=== Section Start ===

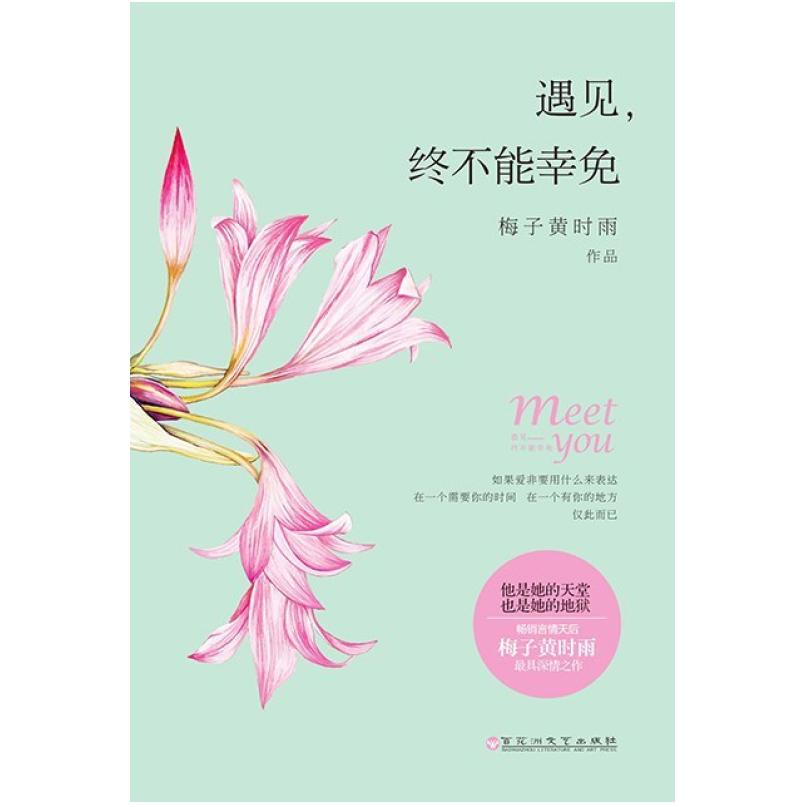 二手遇见，终不能幸免 梅子黄时雨 百花洲文艺出版社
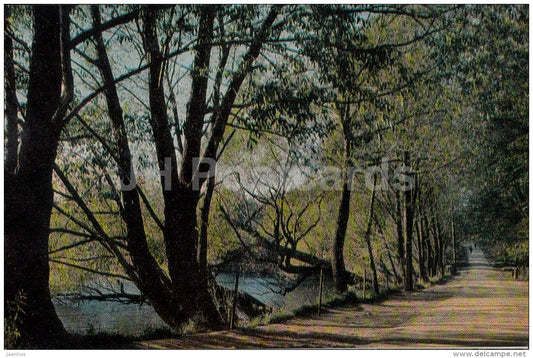 The Preshpekt avenue - Russian writer Leo Tolstoy Museum - Yasnaya Polyana - 1971 - Russia USSR - unused - JH Postcards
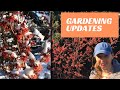 ??Grow Lights ~ Flower Seeds ~ Witch Hazel Hellebore ~ Y Garden ??
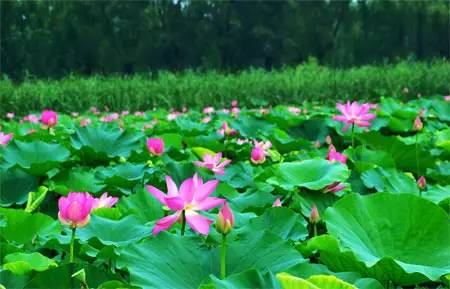 从临沂出发6天攻略,从临沂出发10天旅游最佳路线图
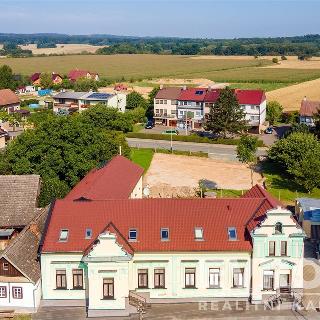 Prodej hotelu a penzionu 240 m² Černíkovice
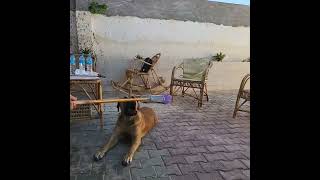 ماستيف هب مصر  Mastiff Hub Egypt  Boerboel [upl. by Ffilc]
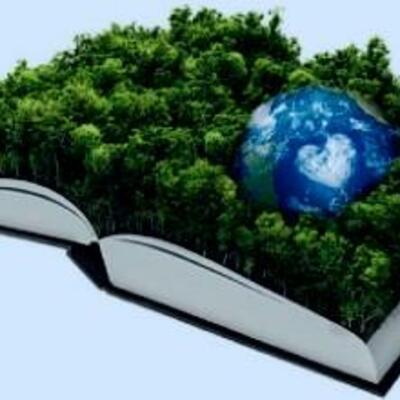 Timeline: Desarrollo Sustentable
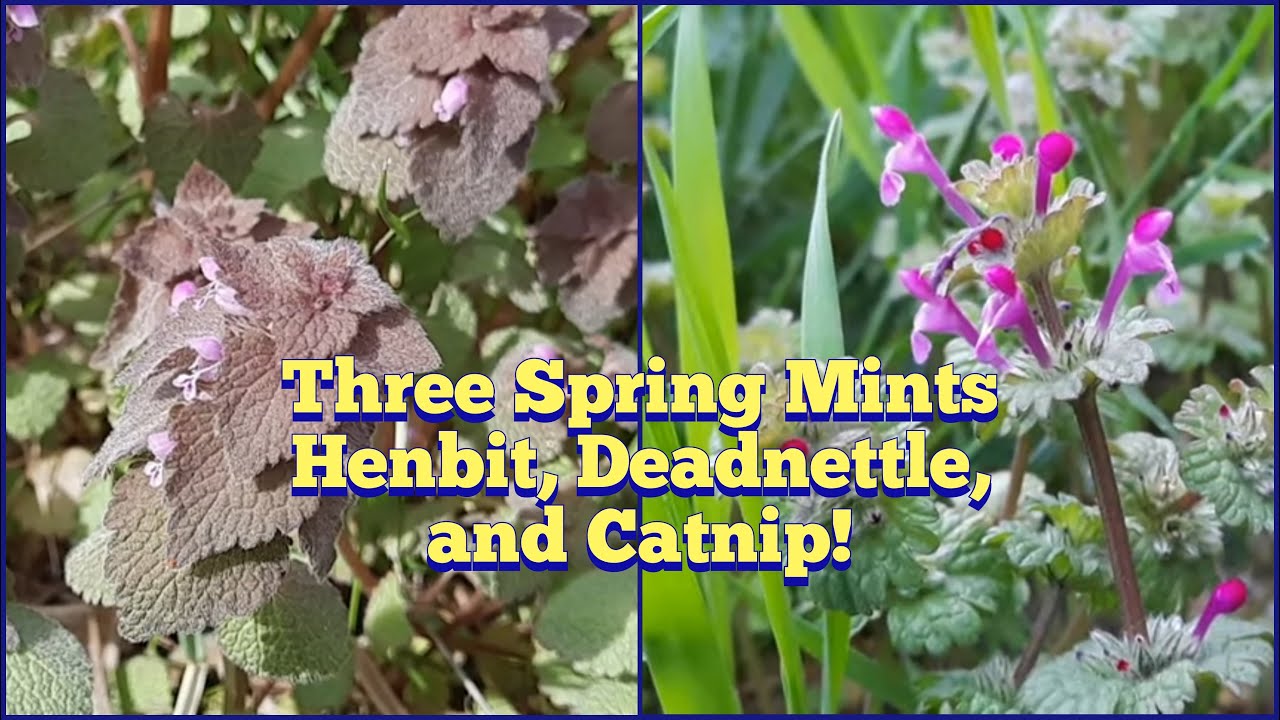 Three Wild Mints - Purple Dead-Nettle, Henbit, and Catnip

=== Section End ===

- PROMPT: Please give an exact copy of the lines from the line containing "从临沂出发6天攻略,从临沂出发10天旅游最佳路线图" through the end of the records above, pictures excluded.

- RESPONSE TO THIS EXERCISE:
 从临沂出发6天攻略,从临沂出发10天旅游最佳路线图
 Prodej hotelu a penzionu 240 m² Černíkovice
 ماستيف هب مصر  Mastiff Hub Egypt  Boerboel [upl. by Ffilc]
 Timeline: Desarrollo Sustentable
 Three Wild Mints - Purple Dead-Nettle, Henbit, and Catnip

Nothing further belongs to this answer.